9.2.1 The Role of the Clinical Psychologist

In general Clinical Psychologists provide assessment and intervention for children, young people and families where there are issues of behavioural and/or emotional difficulty. The age range of the identified client is 0-16 years, with older children considered if they are still in full-time secondary education. Reasons that children have been referred to this service include behaviour problems, bed wetting and soiling, phobias, low mood, anxiety, poor self-esteem, peer relationship difficulties, family problems, bereavement, eating disorders, psychosomatic illness, self-harm, coping with health problems and school refusal.
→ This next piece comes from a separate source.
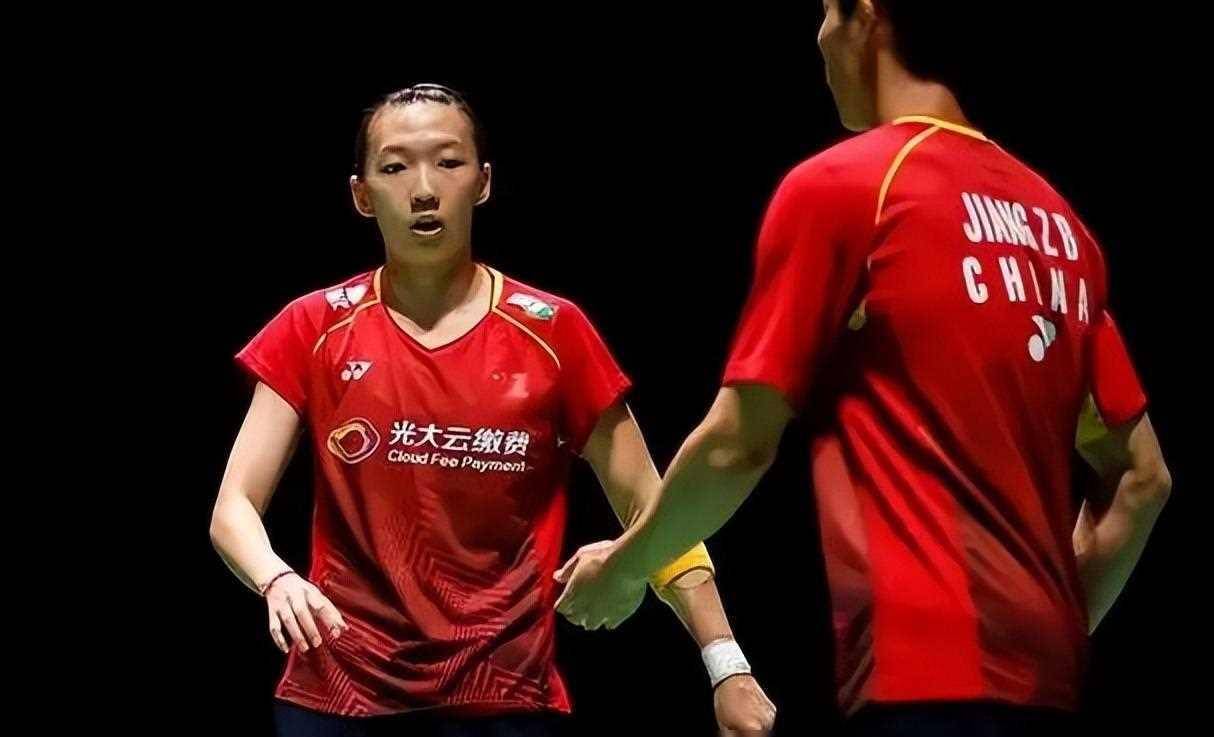 竞技场上蓄势待发，强弱头名仍待定的简单介绍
Clinical Psychologists provide psychometric assessments if it is thought that the child’s cognitive ability is affecting his behaviour, or if there are neurological concerns (e.g. memory loss, post head injury). It should be noted that Clinical Psychologists do not diagnose or advise on medications.

Clinical Psychologists tailor interventions to the specific needs of clients. Assessments and interventions are based on cognitive, behavioural, systemic and solution-focused models of practice in the context of normal child and family development. Interventions might consist of individual work with the child/young person; work with the parents on promoting behavioural change in their child or improving their relationship with their child; and/or family work. Clinical Psychologists also regularly liaise with other agencies involved with the child/young person and are happy to provide consultations to professionals.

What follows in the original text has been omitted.